Preliminary Breathalyzer Test


There is always some confusion in DUI and DWI cases about breathalyzer tests. In Virginia, just by driving you are deemed to have given your implied consent to take a breath test, but that breath test is the machine back at the police station.

Preliminary breathalyzer test at the scene

The police carry with them what they call a preliminary breath test (PBT). It’s a little portable breath testing machine that they use on the scene to help determine if there is probable cause to make an arrest.

You do not have to consent to a preliminary breath test. The preliminary breath test is not known to be as accurate as the machine used back at the police station. And the preliminary breath test is not admissible as evidence of your intoxication at trial.

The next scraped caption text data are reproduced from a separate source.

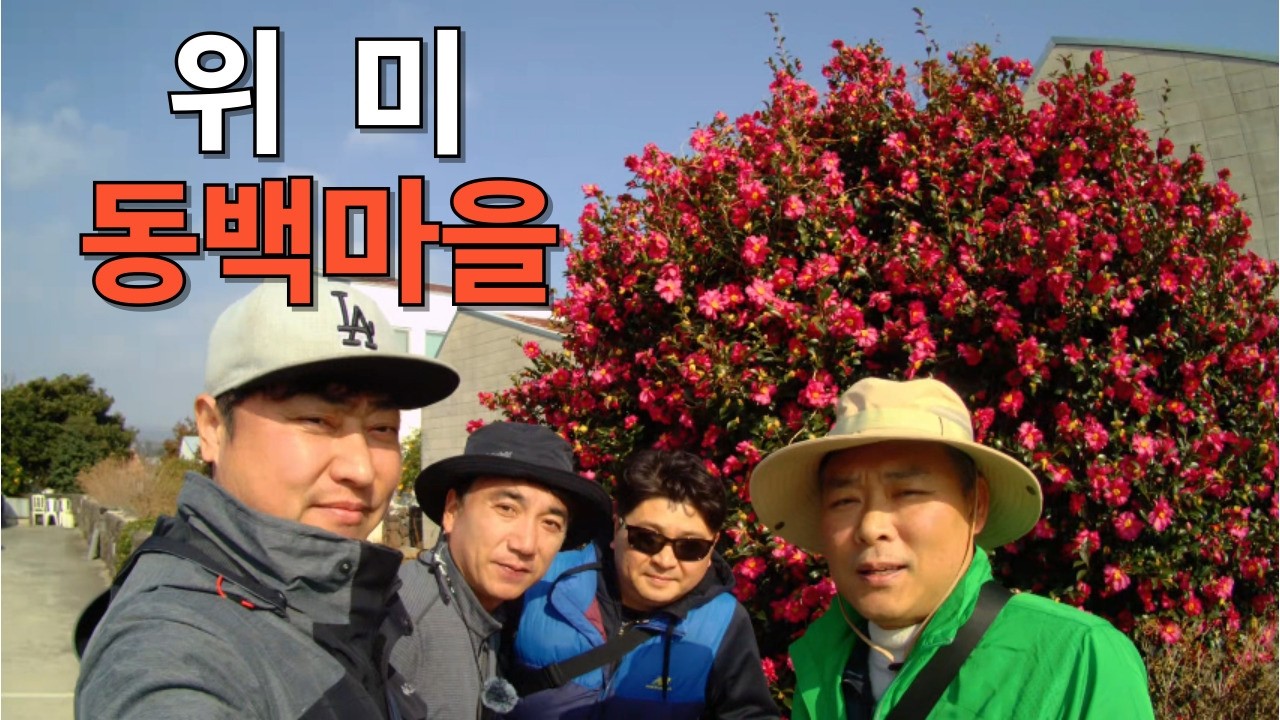 위미 동백마을 걷다.. 제주 겨울 가장 따듯한 위미,  하효 ~ 공천포 ~ 위미 ~ 남원까지 #제주여행 #올레길 #동백꽃 #제주맛집 #제주도민맛집 #제주가볼만한곳 #유달식당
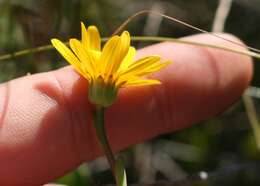 Image de Osteospermum imbricatum L.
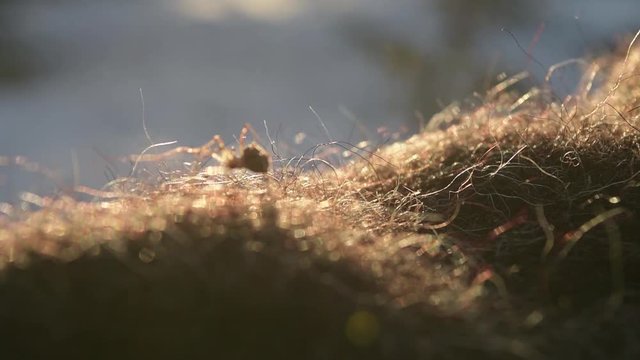 Small spider walking in the sunlight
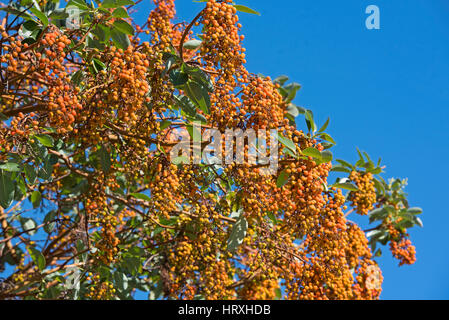 Arbutus Baum im Frühherbst mit schwer beladen Obst bei Deep Bay auf Vancouver Island, BC. Kanada. Stockfoto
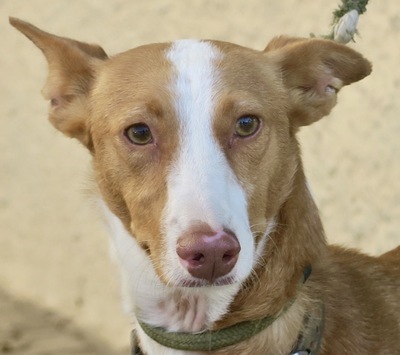 Loli, Podenco Andaluz - Hündin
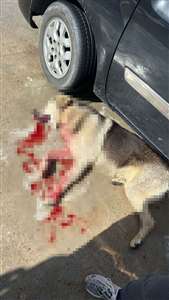 Bodrum'da iki köpeğin silahla vurulduğu iddiası haberi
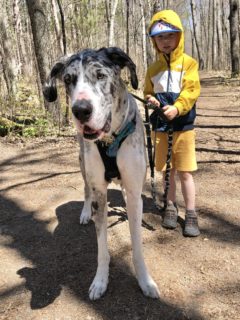 great danes with children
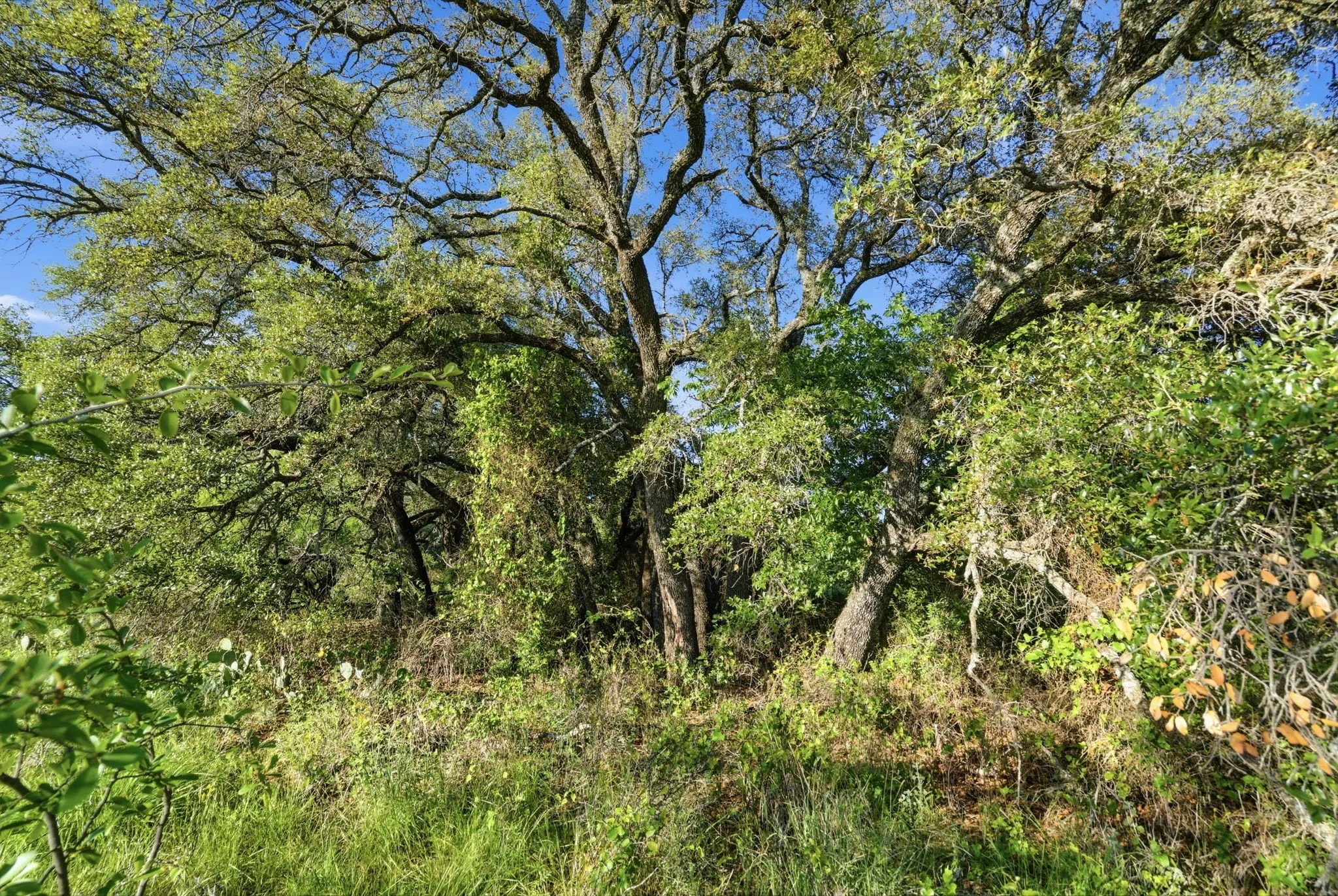 Unimproved Land For Sale in Coleman County , 1343 County Road 188, Cross Plains, Texas 76443, 0, 0, Garage spaces, 0 Sqft, built in 0, mls#21267769, Real Estate Agent in Cross Plains, Homes For Sale in Coleman county, Homes For Sale in Cross Plains, Realtor in Cross Plains Texas, Real Estate Brokerage Independent Realty Texas, Luminita Cordes Realtor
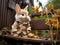 Thoughtful bunny on small bench mm lens photo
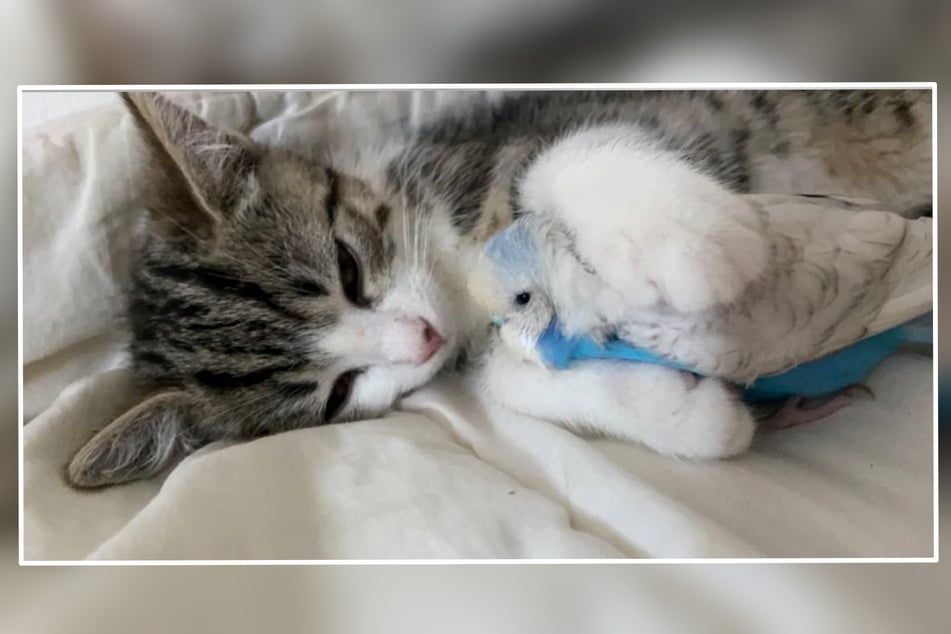 Katze sorgt mit ungewöhnlicher Schlaf-Routine für Wirbel im Netz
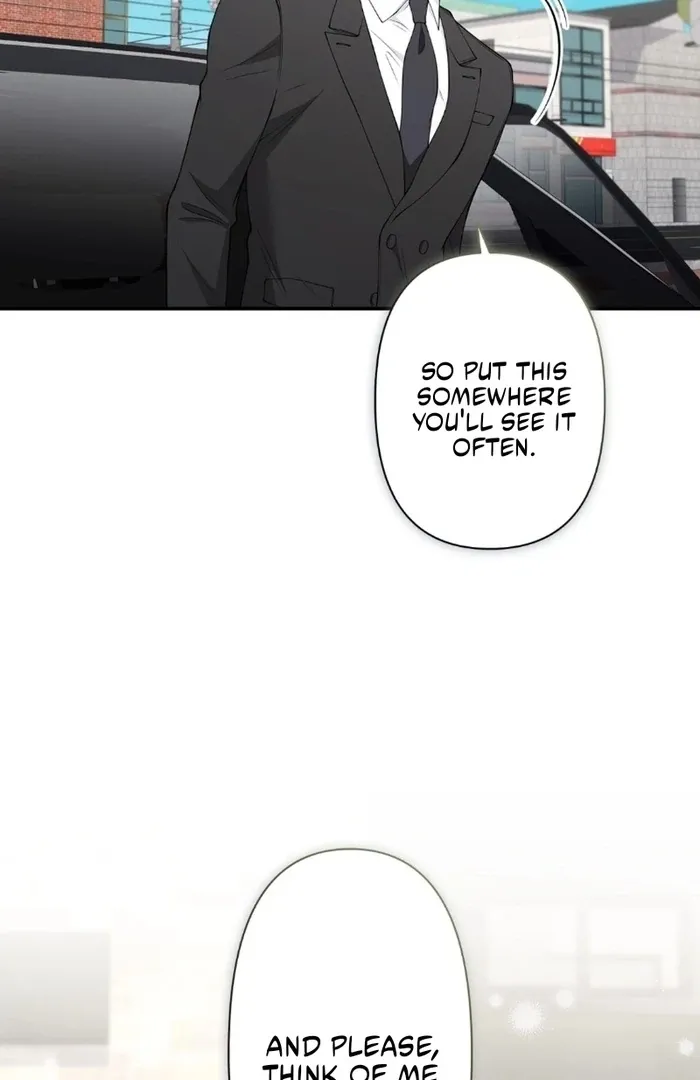Romance by chance Chapter 14 page 42 - 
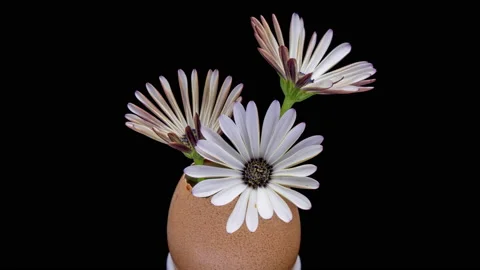 Flower in eggshell isolated on white background. Development, care, hope Stock Footage 206102732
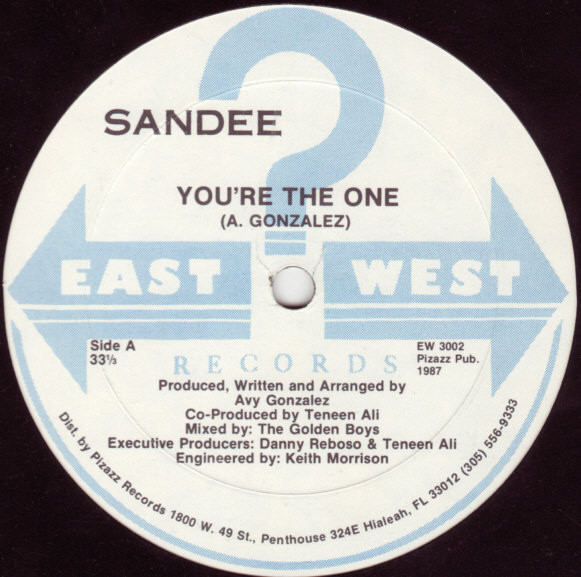 Sandee - You're The One (12")
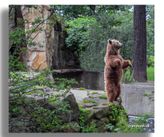 Dansende bjørn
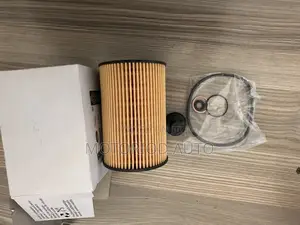 Oil Filter Rover Rover 2022 on Wards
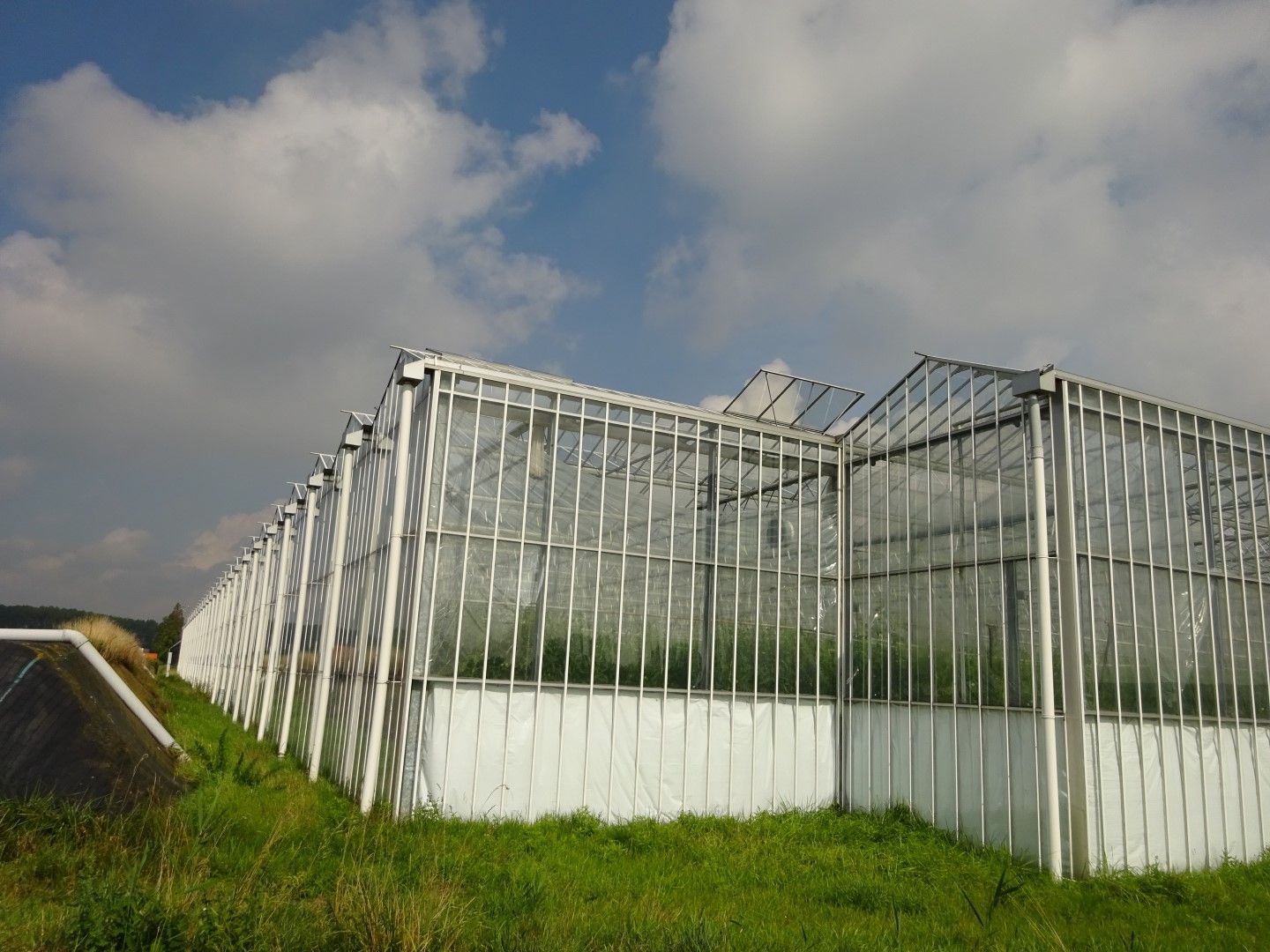 Randweg 3 - Poortvliet - Afbeelding 4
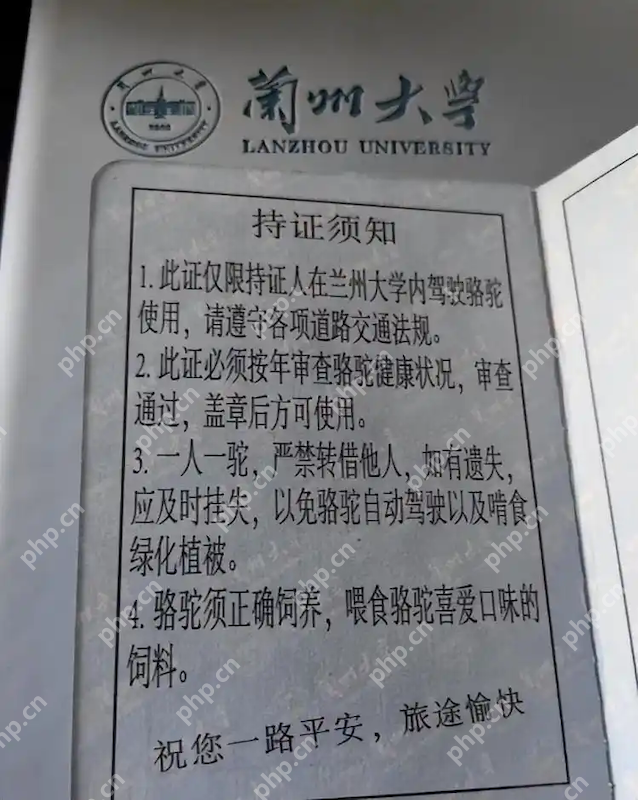 学生持证骑骆驼上学?兰州大学回应 - 创想鸟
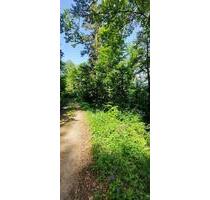 HOLZGOLD _ WaldGrundstück _ Nähe Schlossruine Waseneck - Oberndorf am Neckar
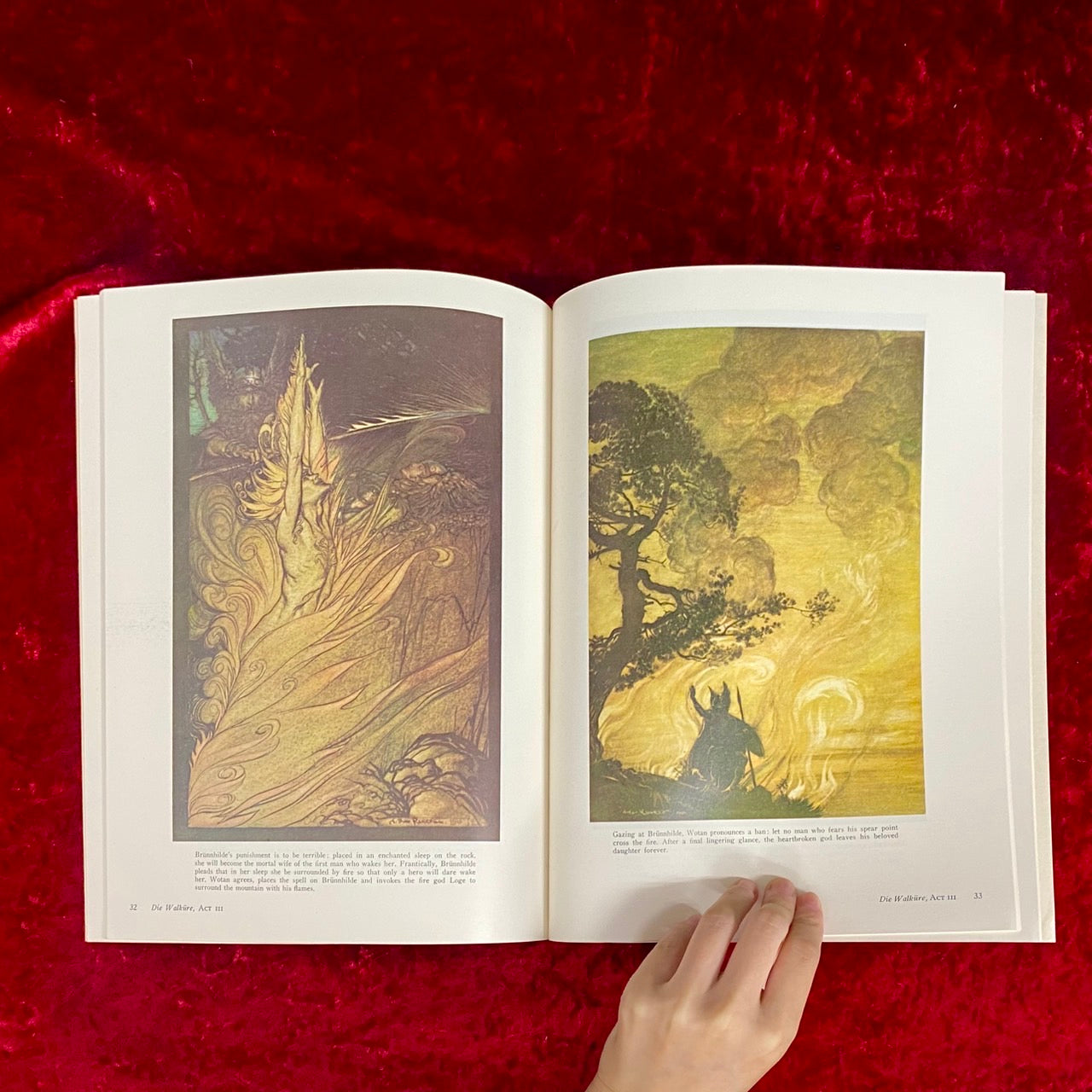 Arthur Rackham's Color Illustrations for Wagner's "Ring"　アーサーラッカム　洋書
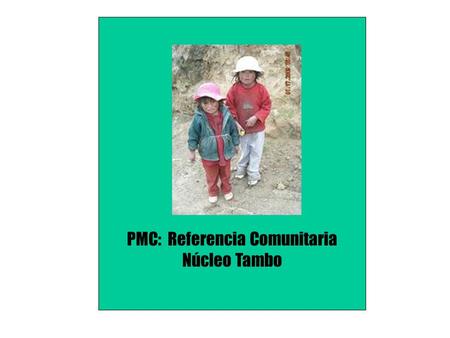 PMC: Referencia Comunitaria Núcleo Tambo. 1.Responsable: José Huapaya Ames 2. Integrantes: Núcleo Tambo: : Bernardina Antezana, Marleny Quispe, Ivette.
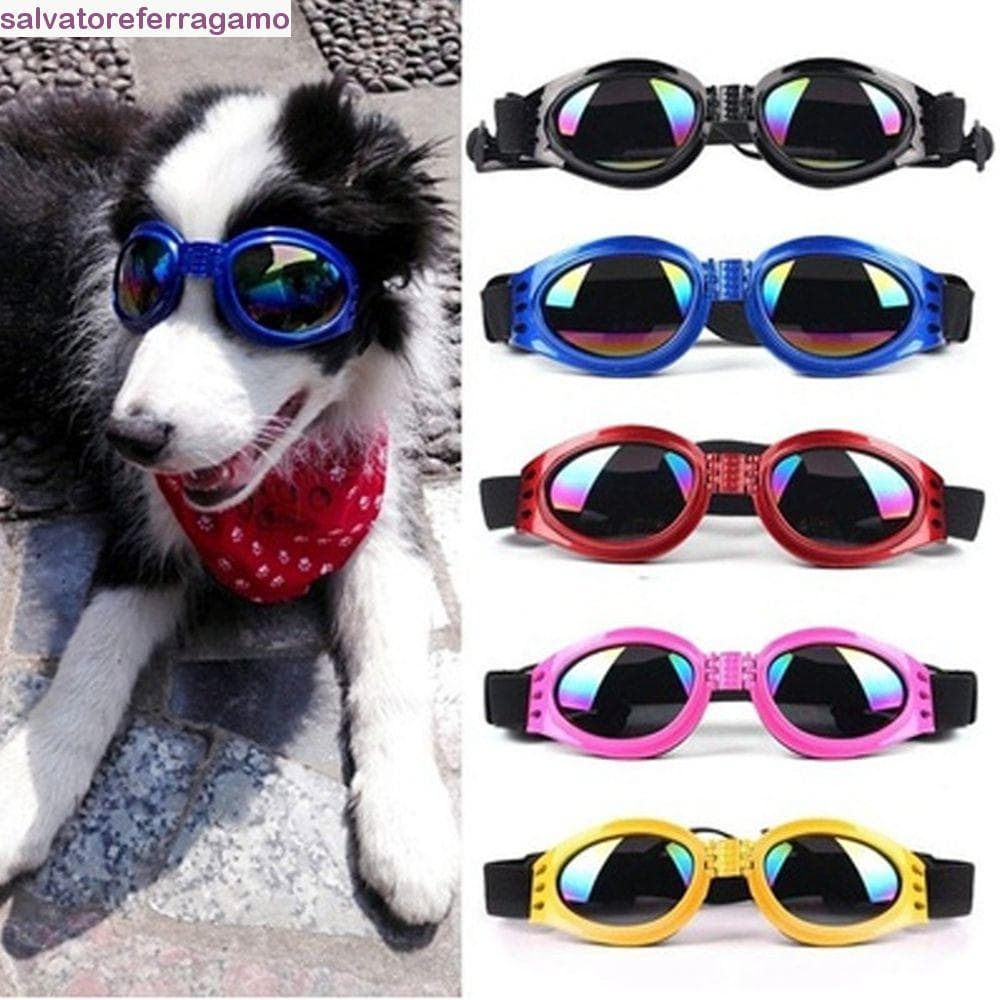 SALVATOREFERRAGAMO Óculos De Proteção Para Cães À Prova De Vento Animais De Estimação D'água Médio Grande Cachorro UV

Preliminary breathalyzer test for probable cause

But the preliminary breath test can be used to prove whether or not the police officer had probable cause to arrest you. In some DUI cases, probable cause to make the arrest can be a critical factor. If you did the preliminary breath test and it turns out that you had a higher blood alcohol content than the legal limit, then probable cause is rather solid against you.

Keep this in mind if you’re ever stopped by a police officer who offers a preliminary breath test. You do not have to consent. Then the officer would have to base his determination of whether or not to arrest you on other factors, such as your demeanor, any alcohol he might smell or see, how you were driving, field sobriety tests, and other factors.